TASK REQUIREMENTS
Output exactly, in the material below, the lines from the one with "La Vida On Anzac - Tourism Caloundra 26" through the one with "lululemon CITRA LIME 2L belt bag". Omit all pictures.

DATA RECORDS
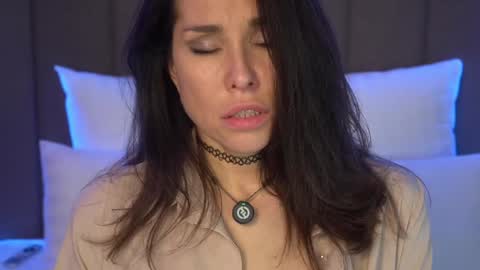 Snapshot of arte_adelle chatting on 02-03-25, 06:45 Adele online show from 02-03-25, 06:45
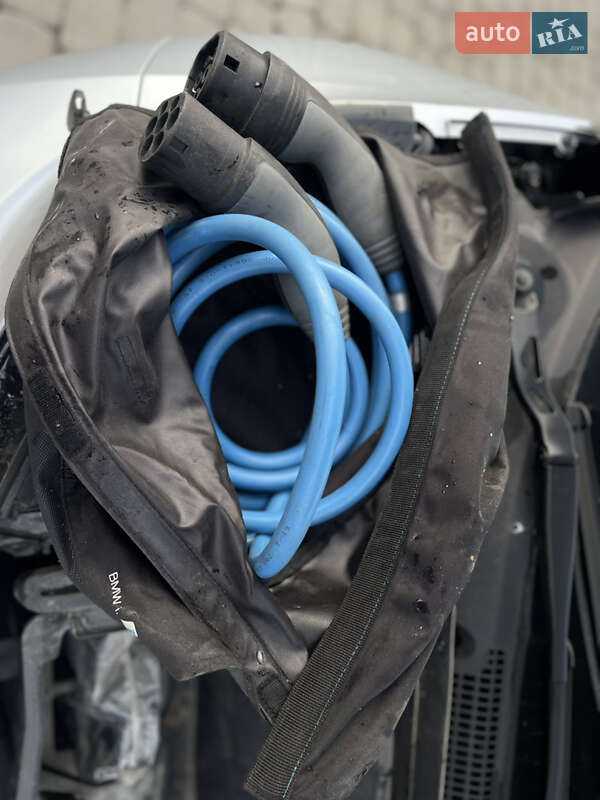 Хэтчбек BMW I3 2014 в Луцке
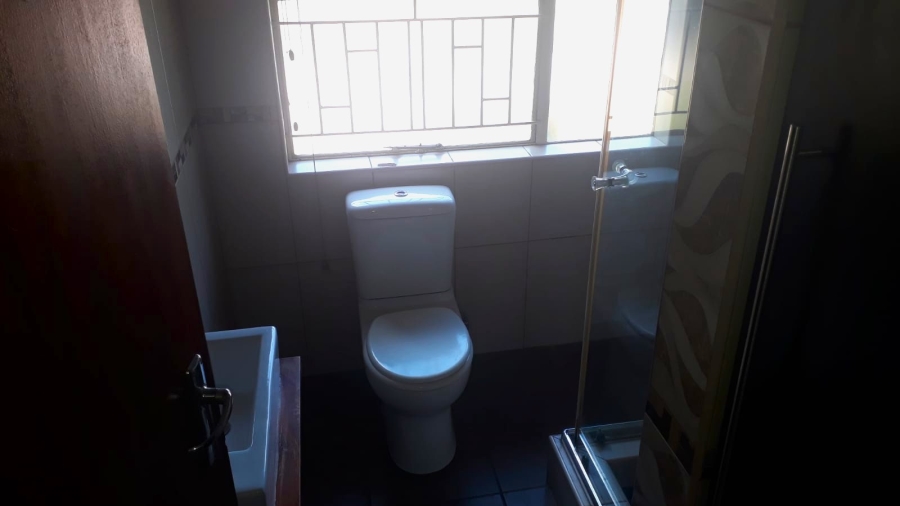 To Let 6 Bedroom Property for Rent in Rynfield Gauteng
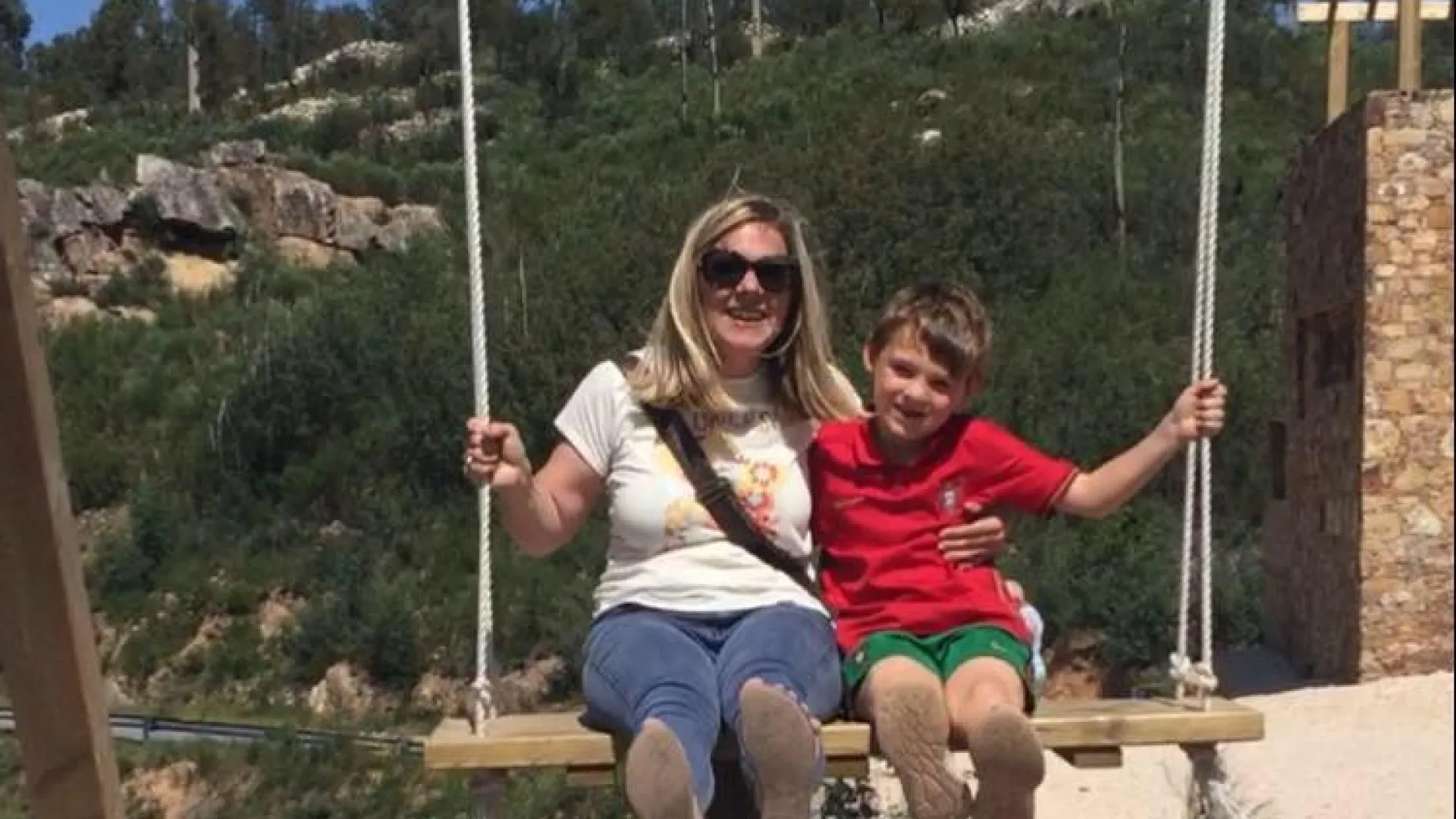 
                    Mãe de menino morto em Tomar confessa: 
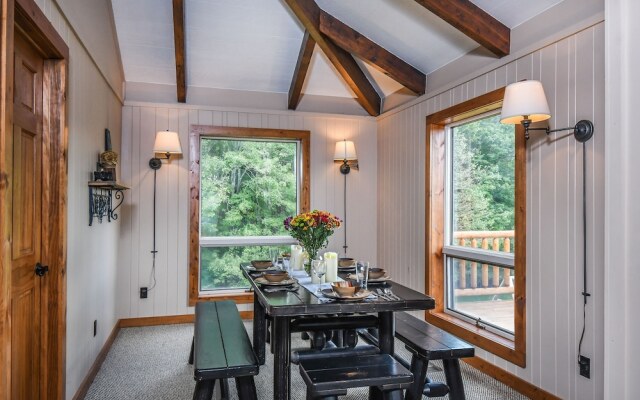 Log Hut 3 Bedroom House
---
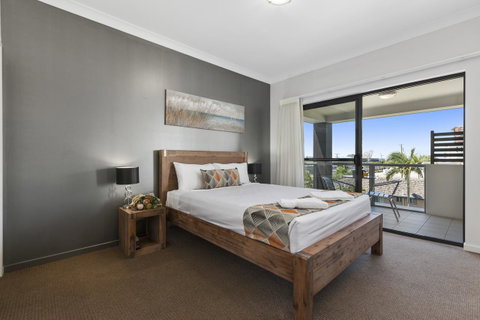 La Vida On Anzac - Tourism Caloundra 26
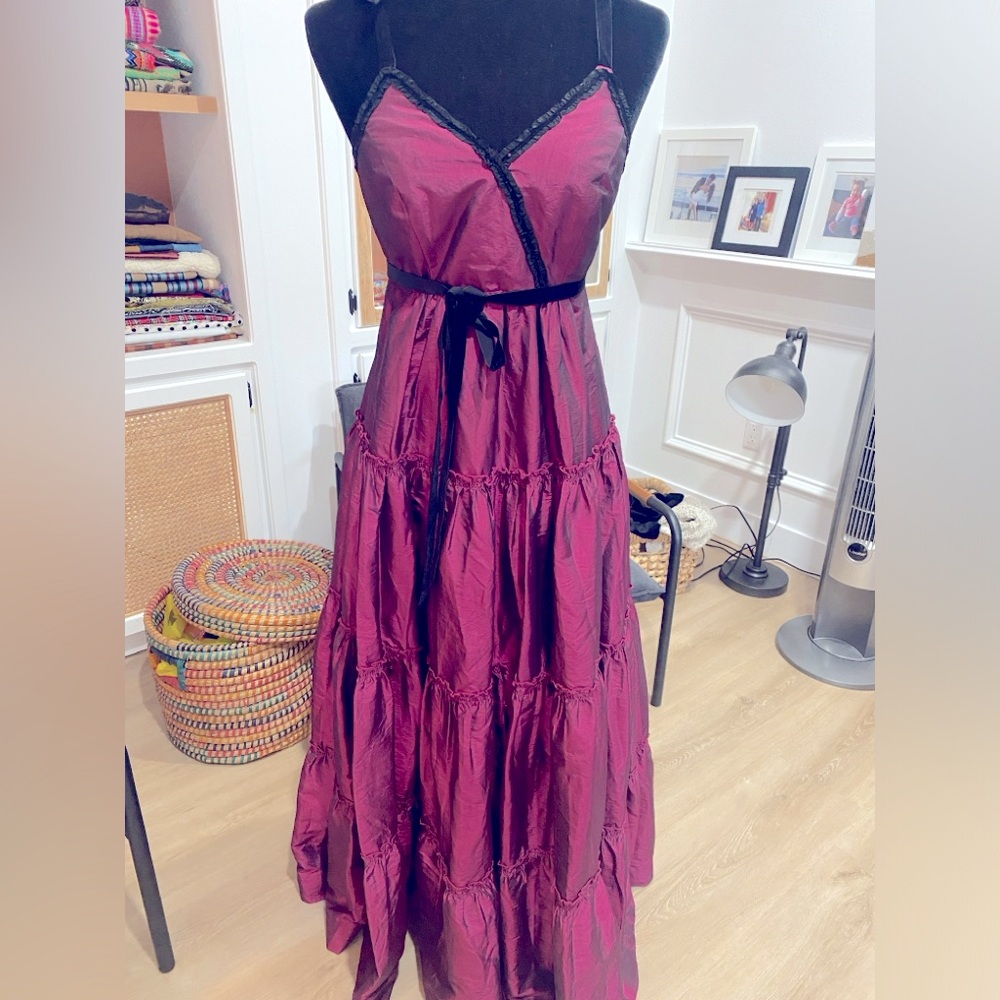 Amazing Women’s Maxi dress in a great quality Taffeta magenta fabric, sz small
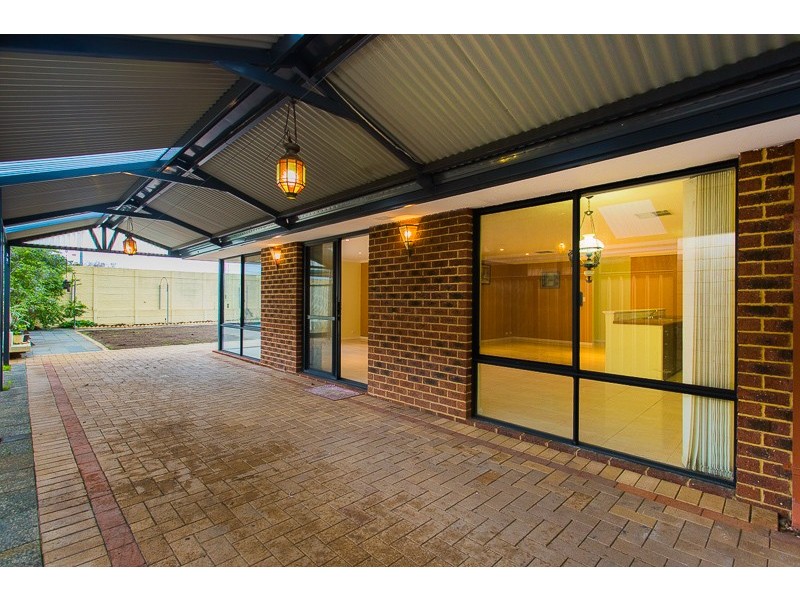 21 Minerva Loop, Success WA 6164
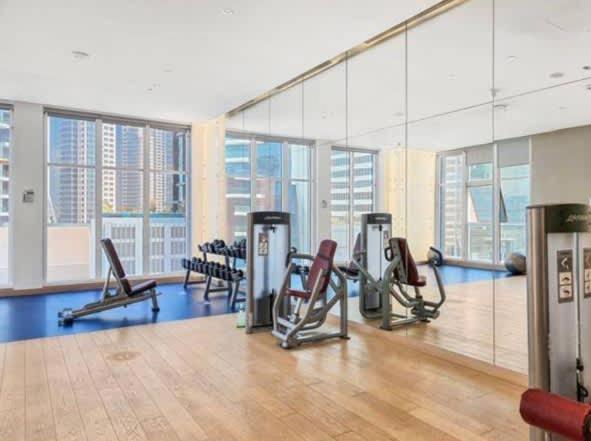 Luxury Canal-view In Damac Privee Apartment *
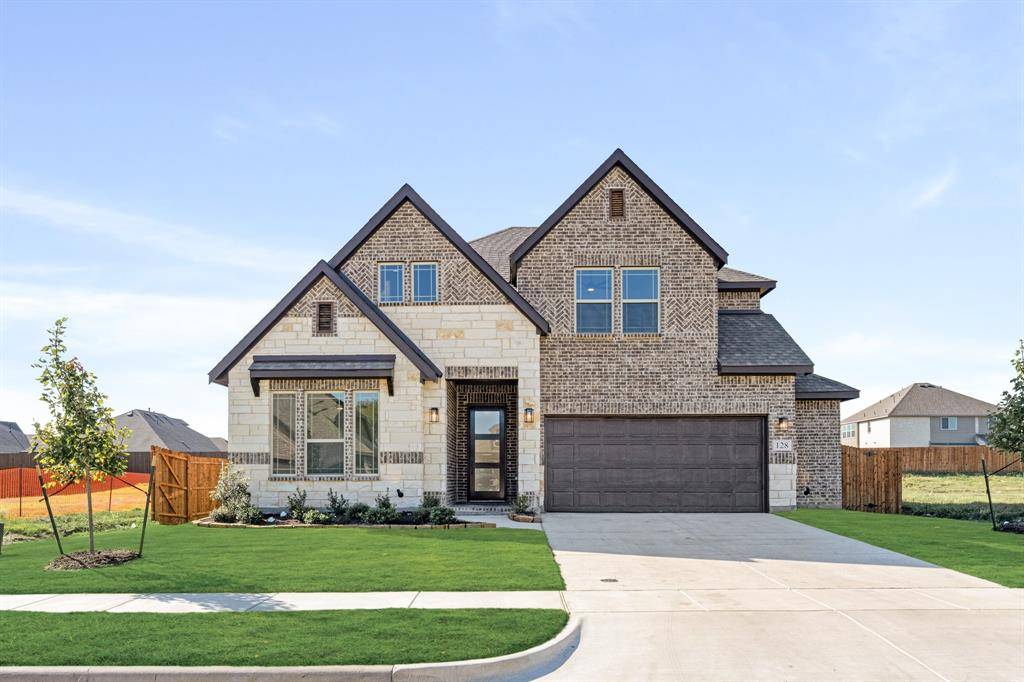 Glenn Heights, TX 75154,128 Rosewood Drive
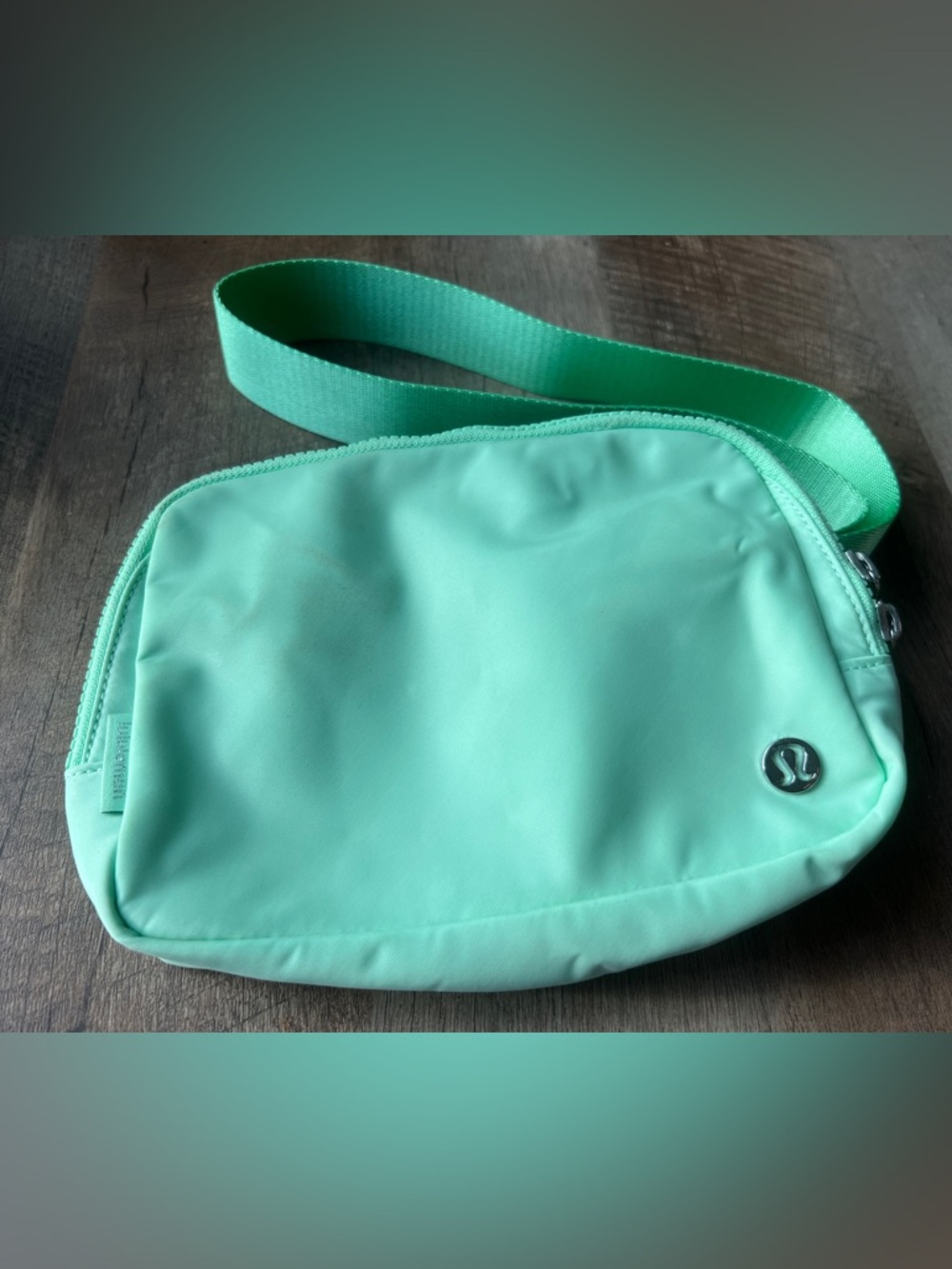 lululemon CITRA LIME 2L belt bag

YOUR SOLUTION
 La Vida On Anzac - Tourism Caloundra 26
 Amazing Women’s Maxi dress in a great quality Taffeta magenta fabric, sz small
 21 Minerva Loop, Success WA 6164
 Luxury Canal-view In Damac Privee Apartment *
 Glenn Heights, TX 75154,128 Rosewood Drive
 lululemon CITRA LIME 2L belt bag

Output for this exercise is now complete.